Codec-aware video preprocessing for training and inference

Project description

codec-video-prep

Codec-aware video preprocessing for training and inference. Extracts codec-level bitcost information from H.264 / HEVC / VP9 videos and turns it into patch-canvases ready for downstream vision models.

What it does

  • Patched FFmpeg decoder – Instruments the H.264 / HEVC / VP9 decoder to export per-macroblock (H.264) or per-CTU (HEVC) bitcost maps during decoding.
  • Fast C++ extension (cv_reader_fast) – Decodes video with loop-filter / IDCT skipped and optionally returns bitcost data as NumPy arrays.
  • Readiness grouping – Groups frames by compressibility (bitcost) so that hard-to-decode regions get more patches.
  • Top-K patch selection – Selects the most informative 2×2 patch blocks from each group and packs them into JPG/PNG canvases.
  • One-command pipeline – From a raw video to a folder of canvases + metadata in a single call.

Install

From wheel (recommended)

python -m pip install codec_video_prep-*.whl

Verify the installation:

codec-video-prep-doctor

Build from source

  1. Build the patched FFmpeg shared libraries:

    • Pixel-capable (recommended — supports both bitcost and BGR pixel export):
      bash build_pixel_ffmpeg.sh
      
    • Legacy skip-IDCT (faster bitcost-only scan, no pixel output):
      bash scripts/build_patched_ffmpeg.sh
      
  2. Build and install the Python package:

python -m pip install -e .

Quick start (CLI)

codec-video-prep \
  --video /path/to/video.mp4 \
  --out_dir ./preinfer_out \
  --num_sampled_frames 1024 \
  --group_size 32 \
  --images_per_group 4 \
  --max_pixels 153664

Output directory will contain:

  • canvas_*.jpg – Packed patch canvases
  • meta.json – Full metadata, timing, and group info
  • frame_ids.npy – Sampled frame indices
  • src_patch_position.npy – Patch source positions

Decode backends

Two decode backends are available:

Backend Description Best for
ffmpeg_native (default) FFmpeg subprocess decode + cv_reader_fast bitcost scan General use
cv_reader_pixels Single-pass decode via cv_reader_fast that returns both bitcost and BGR pixels Speed (~1.8–1.9× faster end-to-end)

Switch backend:

codec-video-prep --decode_backend cv_reader_pixels ...

Parallel segment decoding

For long videos with dense frame sampling, the bitcost-scan step dominates total time.
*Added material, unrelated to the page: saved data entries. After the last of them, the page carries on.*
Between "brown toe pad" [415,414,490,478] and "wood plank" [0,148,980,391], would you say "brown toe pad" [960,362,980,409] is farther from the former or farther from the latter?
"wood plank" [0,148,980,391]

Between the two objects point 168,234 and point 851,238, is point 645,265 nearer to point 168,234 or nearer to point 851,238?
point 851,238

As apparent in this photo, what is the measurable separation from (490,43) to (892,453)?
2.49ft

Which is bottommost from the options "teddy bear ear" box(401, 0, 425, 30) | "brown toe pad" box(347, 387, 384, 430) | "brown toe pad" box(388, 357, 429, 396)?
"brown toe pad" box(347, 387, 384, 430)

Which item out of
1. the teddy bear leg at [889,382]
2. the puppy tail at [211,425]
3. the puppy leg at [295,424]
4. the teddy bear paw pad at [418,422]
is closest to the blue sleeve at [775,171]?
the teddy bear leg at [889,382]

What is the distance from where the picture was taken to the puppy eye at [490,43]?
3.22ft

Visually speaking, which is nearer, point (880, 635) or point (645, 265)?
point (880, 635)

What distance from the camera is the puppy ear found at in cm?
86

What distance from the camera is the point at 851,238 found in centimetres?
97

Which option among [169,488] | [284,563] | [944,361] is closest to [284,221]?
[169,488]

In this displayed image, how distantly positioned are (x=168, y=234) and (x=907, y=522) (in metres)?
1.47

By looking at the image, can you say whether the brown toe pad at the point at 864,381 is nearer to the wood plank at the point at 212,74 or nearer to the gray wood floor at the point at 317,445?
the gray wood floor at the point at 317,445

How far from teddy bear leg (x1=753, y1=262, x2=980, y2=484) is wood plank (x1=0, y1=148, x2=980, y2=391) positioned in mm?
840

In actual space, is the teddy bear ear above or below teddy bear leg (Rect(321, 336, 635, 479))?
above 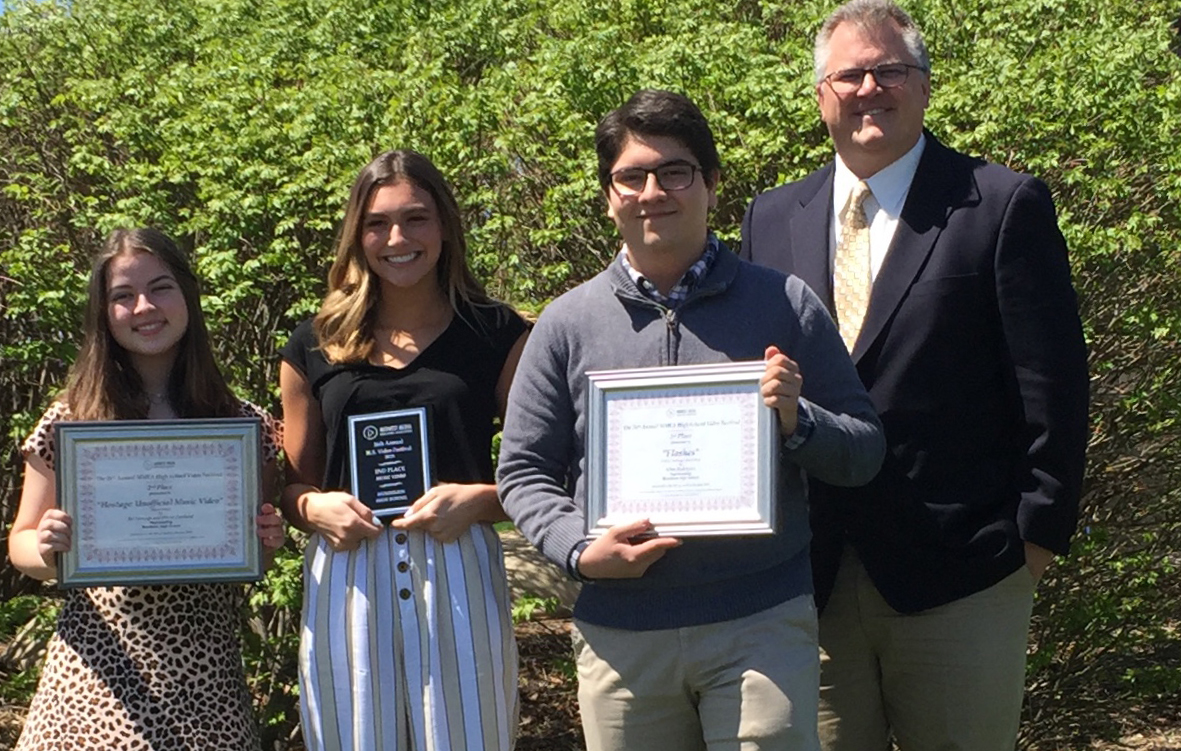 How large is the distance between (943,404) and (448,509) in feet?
4.24

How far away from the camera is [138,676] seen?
3.81 meters

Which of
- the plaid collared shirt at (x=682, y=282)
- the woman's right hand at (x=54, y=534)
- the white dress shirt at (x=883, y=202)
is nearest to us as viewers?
the plaid collared shirt at (x=682, y=282)

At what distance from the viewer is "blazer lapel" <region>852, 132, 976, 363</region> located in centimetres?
381

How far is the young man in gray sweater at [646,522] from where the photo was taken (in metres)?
3.37

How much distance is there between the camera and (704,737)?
3.46m

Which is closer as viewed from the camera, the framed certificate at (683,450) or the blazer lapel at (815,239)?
the framed certificate at (683,450)

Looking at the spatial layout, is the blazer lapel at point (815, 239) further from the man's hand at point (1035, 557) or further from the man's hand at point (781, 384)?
the man's hand at point (1035, 557)

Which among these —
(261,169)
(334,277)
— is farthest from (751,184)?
(334,277)

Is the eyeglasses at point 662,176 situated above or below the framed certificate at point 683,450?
above

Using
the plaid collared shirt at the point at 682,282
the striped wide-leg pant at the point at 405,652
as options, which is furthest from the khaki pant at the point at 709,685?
the plaid collared shirt at the point at 682,282

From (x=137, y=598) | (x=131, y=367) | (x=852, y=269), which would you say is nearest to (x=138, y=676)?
(x=137, y=598)

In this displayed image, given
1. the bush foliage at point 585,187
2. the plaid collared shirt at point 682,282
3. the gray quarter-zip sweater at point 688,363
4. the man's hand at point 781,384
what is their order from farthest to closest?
the bush foliage at point 585,187, the plaid collared shirt at point 682,282, the gray quarter-zip sweater at point 688,363, the man's hand at point 781,384

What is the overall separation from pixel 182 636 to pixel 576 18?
4874 millimetres

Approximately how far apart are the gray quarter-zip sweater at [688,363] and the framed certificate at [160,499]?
726 mm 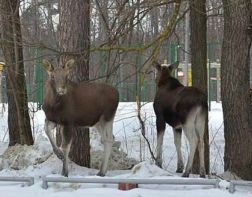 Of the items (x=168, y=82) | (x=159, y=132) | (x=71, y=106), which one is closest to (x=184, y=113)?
(x=159, y=132)

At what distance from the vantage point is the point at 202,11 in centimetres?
1107

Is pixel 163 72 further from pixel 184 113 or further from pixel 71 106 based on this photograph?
pixel 71 106

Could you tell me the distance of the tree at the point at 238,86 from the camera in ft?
31.9

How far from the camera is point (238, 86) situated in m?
9.76

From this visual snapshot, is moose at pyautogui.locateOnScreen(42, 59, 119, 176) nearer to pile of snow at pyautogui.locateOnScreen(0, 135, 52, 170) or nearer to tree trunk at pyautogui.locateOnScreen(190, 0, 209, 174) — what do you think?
pile of snow at pyautogui.locateOnScreen(0, 135, 52, 170)

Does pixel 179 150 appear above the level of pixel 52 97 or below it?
below

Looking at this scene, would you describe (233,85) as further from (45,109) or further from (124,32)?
(45,109)

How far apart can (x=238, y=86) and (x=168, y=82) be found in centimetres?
118

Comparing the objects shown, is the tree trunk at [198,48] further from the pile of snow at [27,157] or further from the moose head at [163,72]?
the pile of snow at [27,157]

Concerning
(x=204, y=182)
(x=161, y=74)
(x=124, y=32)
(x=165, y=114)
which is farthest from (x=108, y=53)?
(x=204, y=182)

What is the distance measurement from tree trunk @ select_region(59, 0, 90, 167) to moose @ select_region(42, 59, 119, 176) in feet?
3.95

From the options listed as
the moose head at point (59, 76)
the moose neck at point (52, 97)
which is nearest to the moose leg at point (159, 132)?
the moose neck at point (52, 97)

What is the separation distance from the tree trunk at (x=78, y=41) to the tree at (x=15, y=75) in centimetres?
120

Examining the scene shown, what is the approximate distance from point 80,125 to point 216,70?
20.1 m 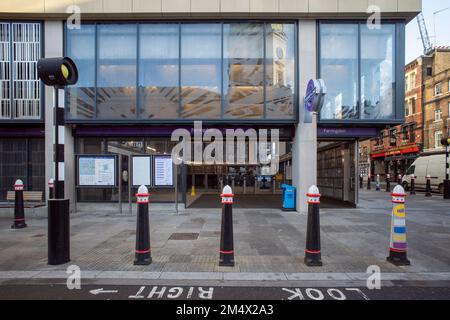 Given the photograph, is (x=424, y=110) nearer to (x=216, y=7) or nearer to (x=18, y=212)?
(x=216, y=7)

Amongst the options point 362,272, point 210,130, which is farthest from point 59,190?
point 210,130

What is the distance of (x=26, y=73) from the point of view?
1084 centimetres

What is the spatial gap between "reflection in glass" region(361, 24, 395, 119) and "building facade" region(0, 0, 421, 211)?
0.04m

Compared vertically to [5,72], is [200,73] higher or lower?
lower

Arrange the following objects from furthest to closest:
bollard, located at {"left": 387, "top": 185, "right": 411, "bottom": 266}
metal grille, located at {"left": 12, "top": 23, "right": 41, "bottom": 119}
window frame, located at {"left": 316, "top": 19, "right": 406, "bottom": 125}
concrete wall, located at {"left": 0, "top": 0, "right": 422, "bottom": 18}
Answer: metal grille, located at {"left": 12, "top": 23, "right": 41, "bottom": 119} → window frame, located at {"left": 316, "top": 19, "right": 406, "bottom": 125} → concrete wall, located at {"left": 0, "top": 0, "right": 422, "bottom": 18} → bollard, located at {"left": 387, "top": 185, "right": 411, "bottom": 266}

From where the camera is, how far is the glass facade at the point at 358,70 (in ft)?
34.8

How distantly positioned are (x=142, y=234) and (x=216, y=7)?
334 inches

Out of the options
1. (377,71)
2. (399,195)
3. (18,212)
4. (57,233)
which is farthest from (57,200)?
(377,71)

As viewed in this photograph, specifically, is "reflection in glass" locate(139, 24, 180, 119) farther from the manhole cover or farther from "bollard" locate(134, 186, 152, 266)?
"bollard" locate(134, 186, 152, 266)

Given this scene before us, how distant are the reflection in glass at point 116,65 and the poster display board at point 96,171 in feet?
6.43

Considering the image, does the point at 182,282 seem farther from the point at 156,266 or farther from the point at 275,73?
the point at 275,73

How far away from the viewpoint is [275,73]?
10633 millimetres

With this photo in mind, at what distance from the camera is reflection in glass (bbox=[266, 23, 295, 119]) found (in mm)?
10539

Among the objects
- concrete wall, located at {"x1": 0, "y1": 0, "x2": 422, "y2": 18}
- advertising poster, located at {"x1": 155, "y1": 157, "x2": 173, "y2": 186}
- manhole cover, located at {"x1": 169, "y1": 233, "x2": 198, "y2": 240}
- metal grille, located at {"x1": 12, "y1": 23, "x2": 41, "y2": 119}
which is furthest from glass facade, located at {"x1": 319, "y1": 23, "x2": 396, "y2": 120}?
metal grille, located at {"x1": 12, "y1": 23, "x2": 41, "y2": 119} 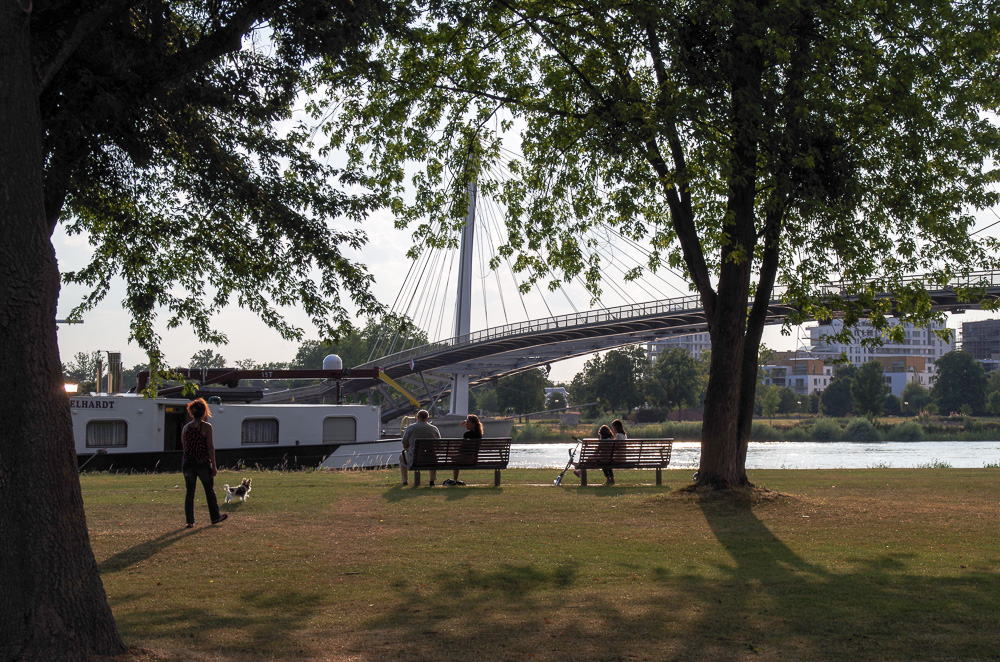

You can split the workload into N parallel decode segments using ProcessPoolExecutor:

codec-video-prep \
  --decode_backend cv_reader_pixels \
  --parallel_segments 4 \
  --threads_per_segment 4 \
  --segment_guard_frames 30 \
  ...
Parameter Default Description
--parallel_segments 0 (disabled) Number of parallel segments. Set to 0 or 1 to use serial decoding.
--threads_per_segment 4 FFmpeg thread_count inside each worker process.
--segment_guard_frames 30 Extra frames decoded before/after each segment boundary to compensate for seek-to-keyframe inaccuracy.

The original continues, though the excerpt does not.